● What needs to be done
Leave the pictures out and write out the rest of the listing word for word.

● Recorded data
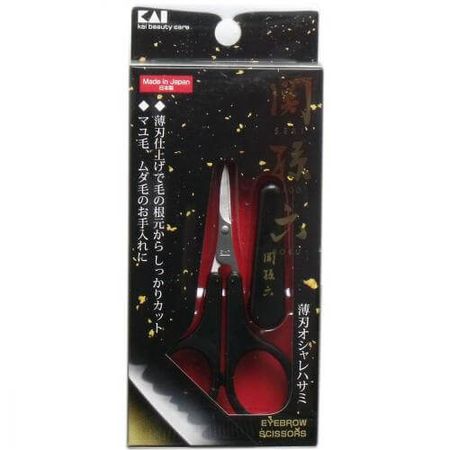 贝印关孙六薄刃时尚剪刀 HC-3540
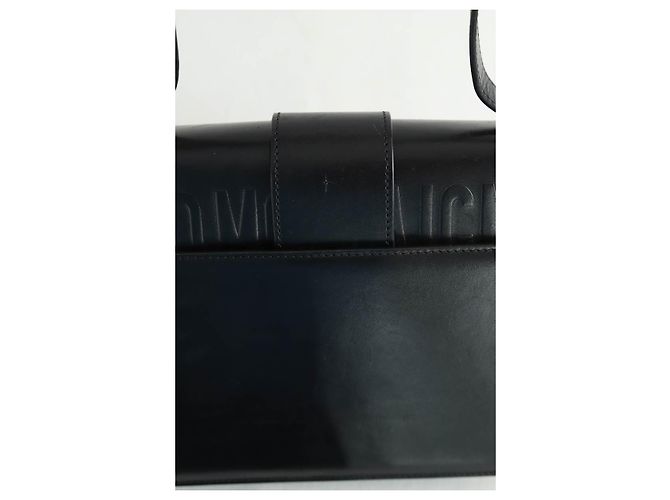 Dior Borsa a spalla 30 Montaigne in pelle nera Nero - vista 6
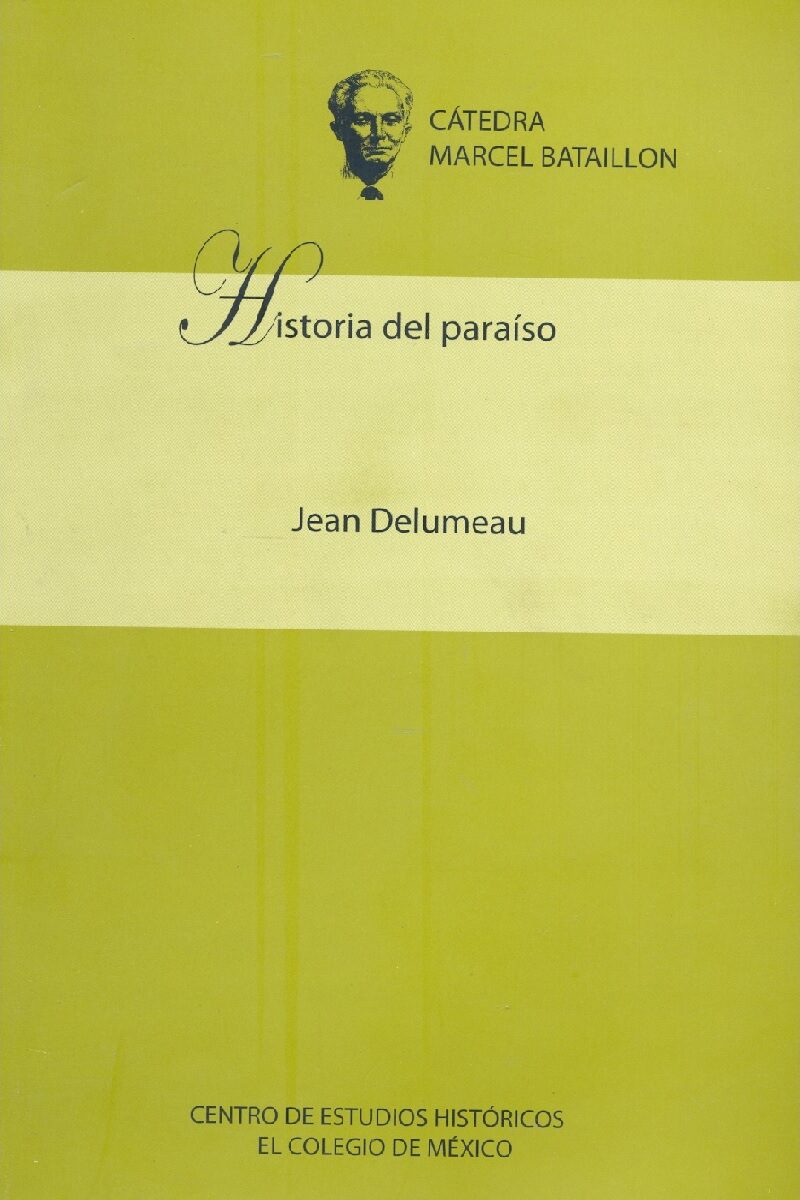 Portada de Historia del paraíso
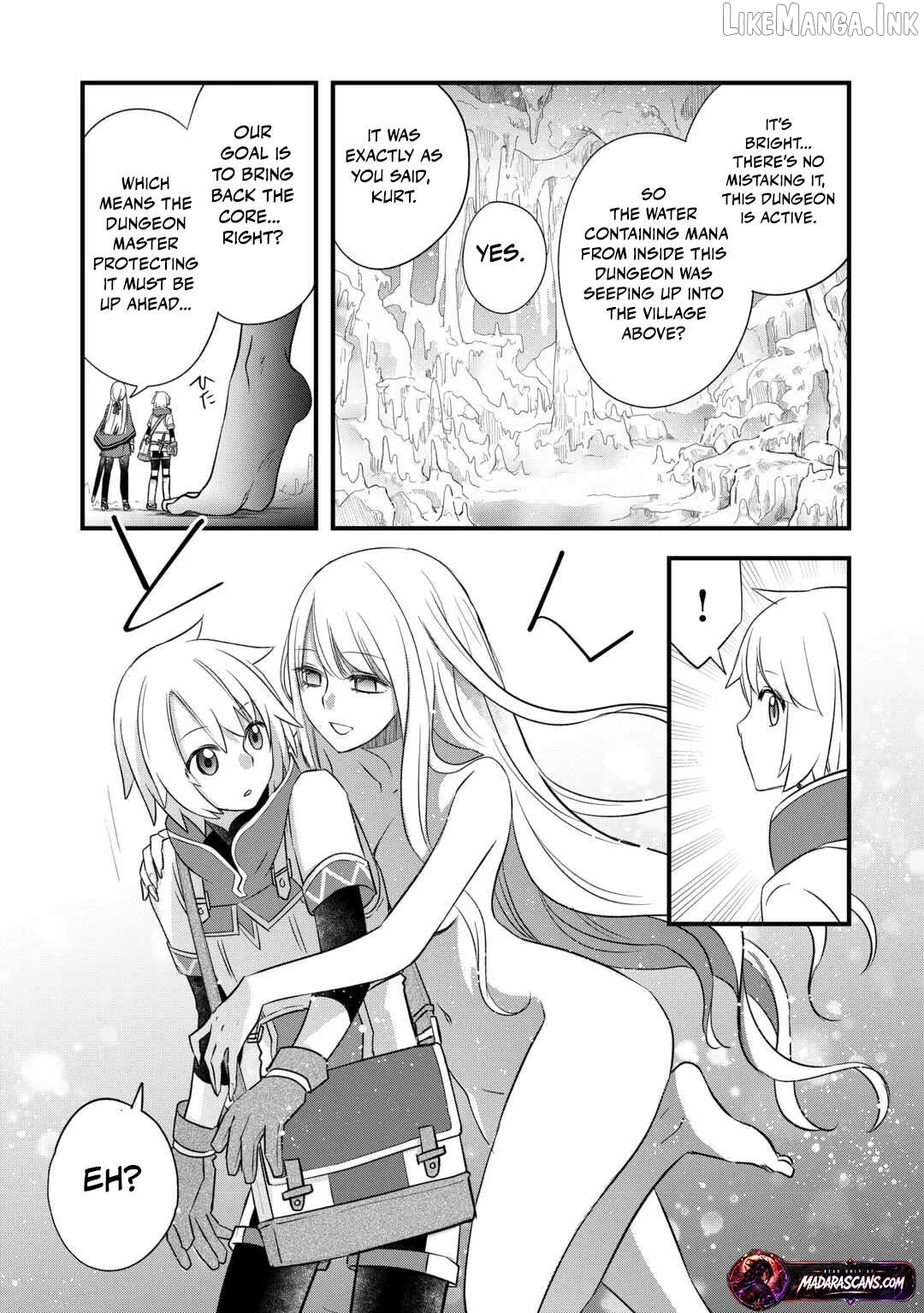 Kanchigai No Atelier Meister Chapter 56.2 - page 4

● Result of this task
 贝印关孙六薄刃时尚剪刀 HC-3540
 Dior Borsa a spalla 30 Montaigne in pelle nera Nero - vista 6
 Portada de Historia del paraíso
 Kanchigai No Atelier Meister Chapter 56.2 - page 4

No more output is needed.